WHAT THE TASK REQUIRES: Wherever pictures occur in the entries below, leave them out and retype the rest exactly.

===== DATA LISTING =====

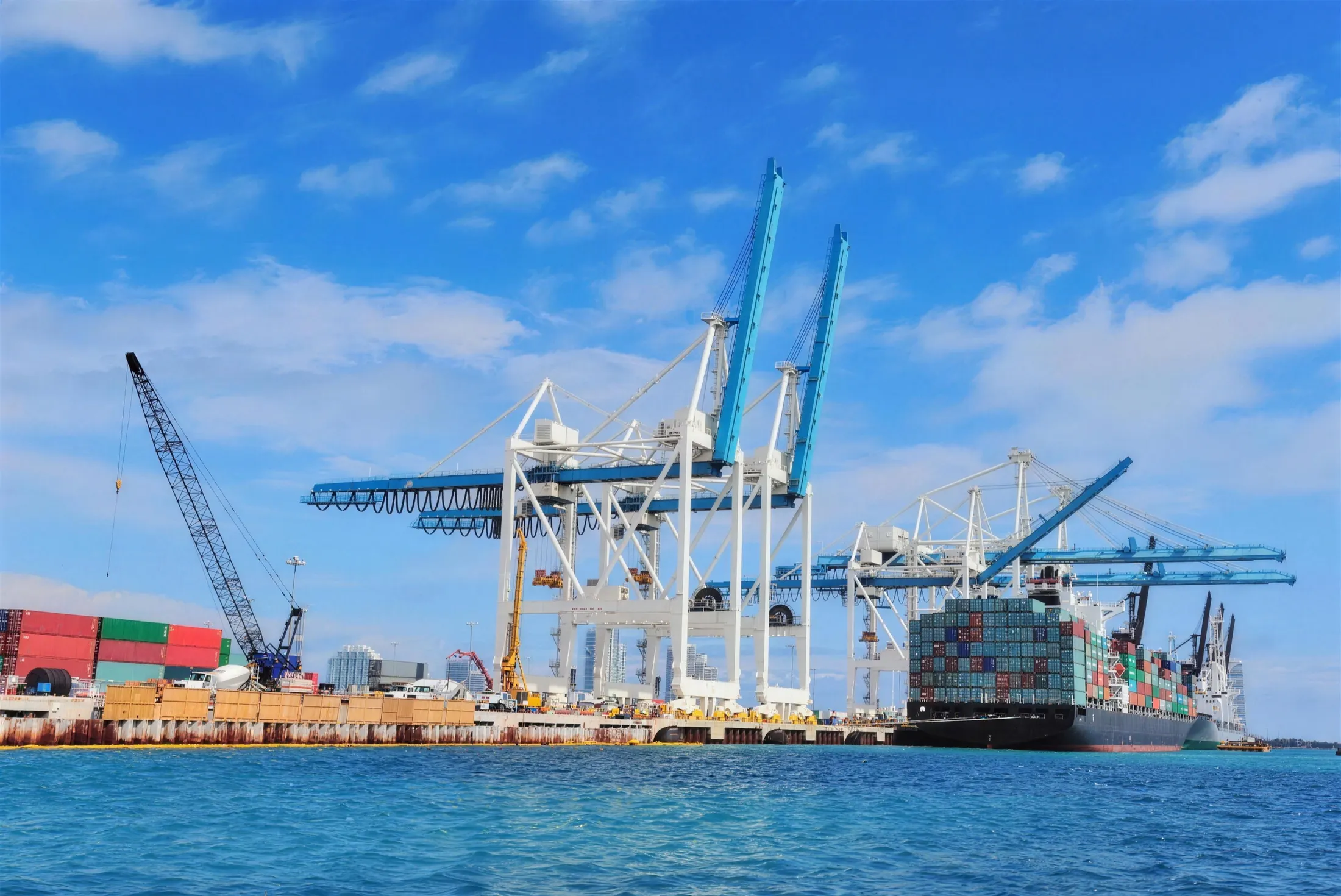 Terminal portuaria con grúas y buque atracado bajo cielo azul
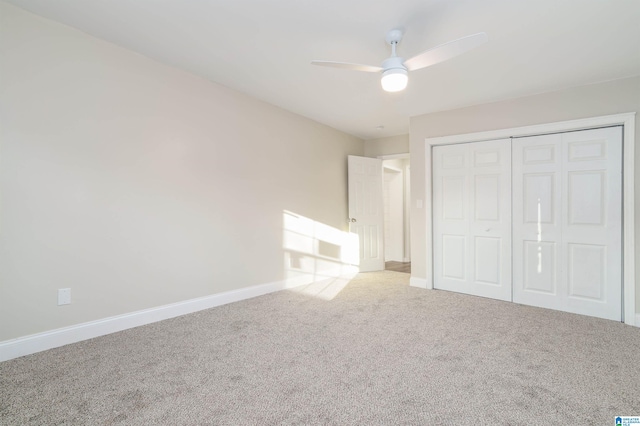 unfurnished bedroom featuring a closet, carpet flooring, ceiling fan, and baseboards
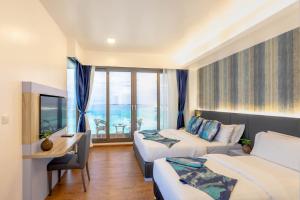 TV o dispositivi per l'intrattenimento presso Arena Beach Hotel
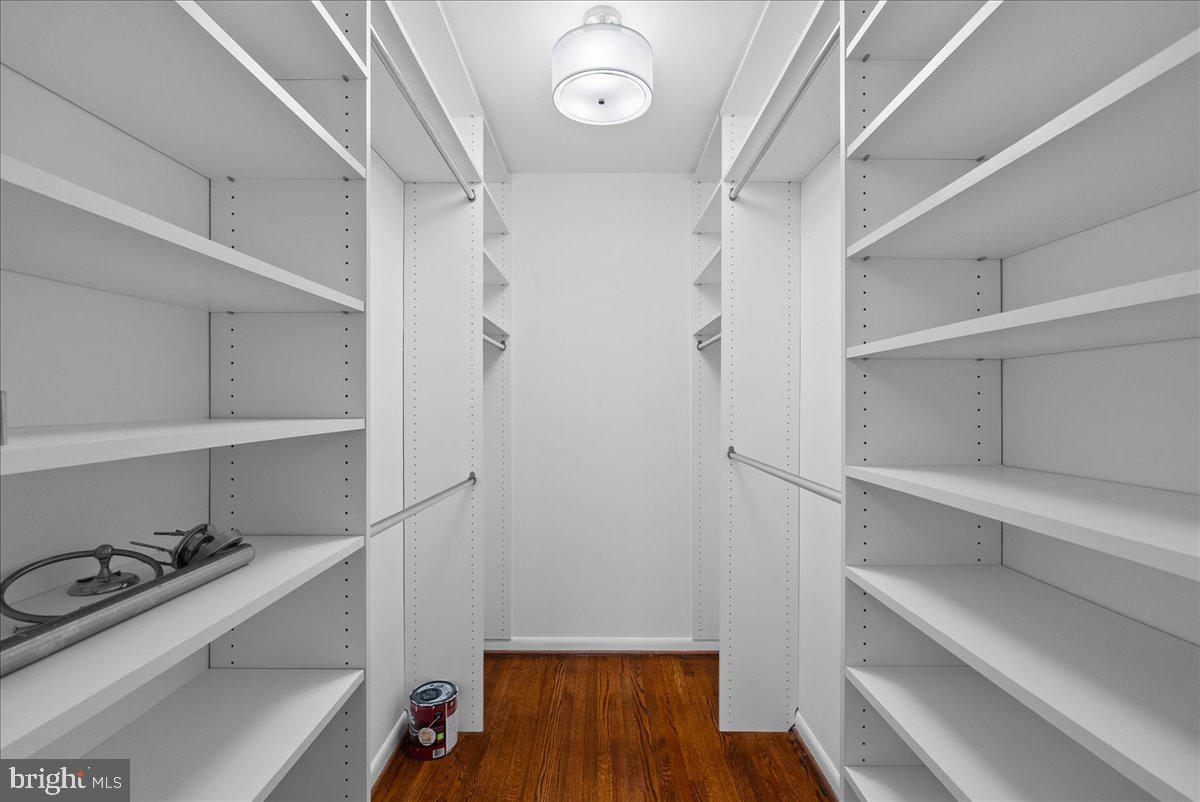 7845 Brompton Street Springfield, VA 22152 - Photo 15 of 32 a view of walk in closet with empty racks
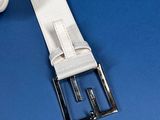 white leather belt with silver buckle on a blue background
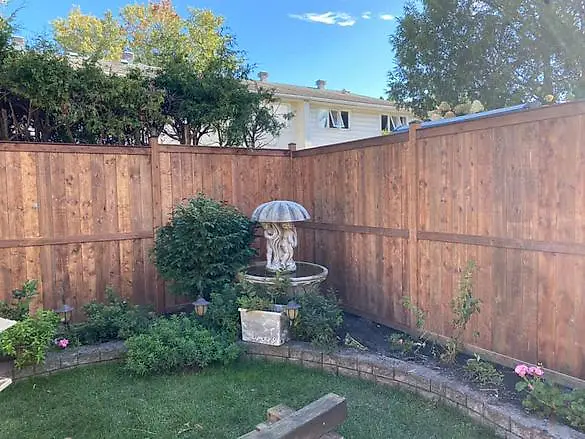 Stained wood fence at the corner of a backyard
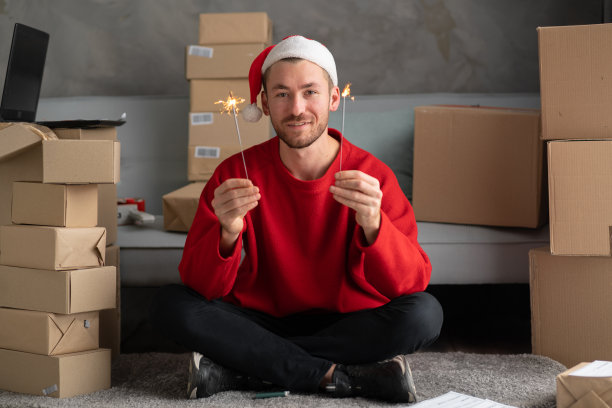 企业家小企业主圣诞老人与烟火在家里的一个小办公室。准备装运的箱子。圣诞节大减价。家庭办公室是网上商店的卖家。图片下载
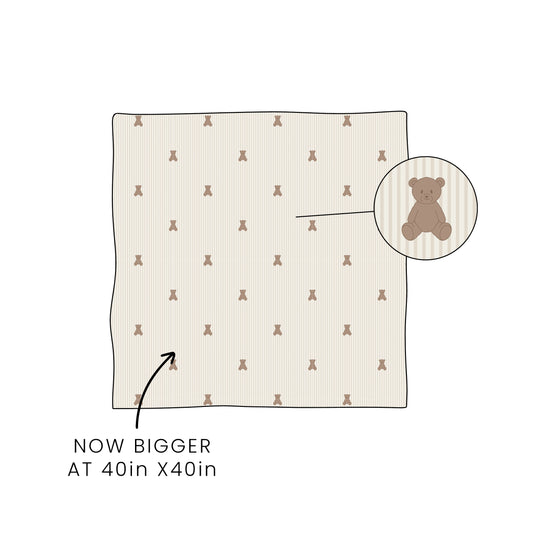 The forever french baby Bamboo Swaddle | Teddy now comes in a larger 40in x 40in size. An inset circle spotlights the teddy bear pattern, with an arrow pointing to the swaddle and text reading "NOW BIGGER AT 40in X 40in.
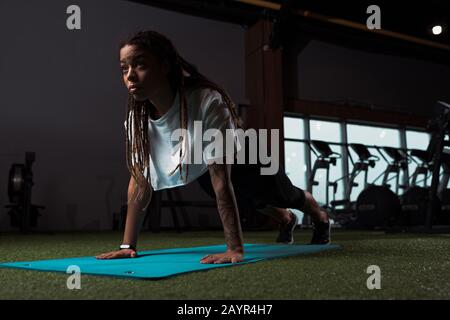 Afroamerikanische Frau steht in Plank auf Fitnessmatte Stockfoto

=====

ANSWER:
 Terminal portuaria con grúas y buque atracado bajo cielo azul
 unfurnished bedroom featuring a closet, carpet flooring, ceiling fan, and baseboards
 TV o dispositivi per l'intrattenimento presso Arena Beach Hotel
 7845 Brompton Street Springfield, VA 22152 - Photo 15 of 32 a view of walk in closet with empty racks
 white leather belt with silver buckle on a blue background
 Stained wood fence at the corner of a backyard
 企业家小企业主圣诞老人与烟火在家里的一个小办公室。准备装运的箱子。圣诞节大减价。家庭办公室是网上商店的卖家。图片下载
 The forever french baby Bamboo Swaddle | Teddy now comes in a larger 40in x 40in size. An inset circle spotlights the teddy bear pattern, with an arrow pointing to the swaddle and text reading "NOW BIGGER AT 40in X 40in.
 Afroamerikanische Frau steht in Plank auf Fitnessmatte Stockfoto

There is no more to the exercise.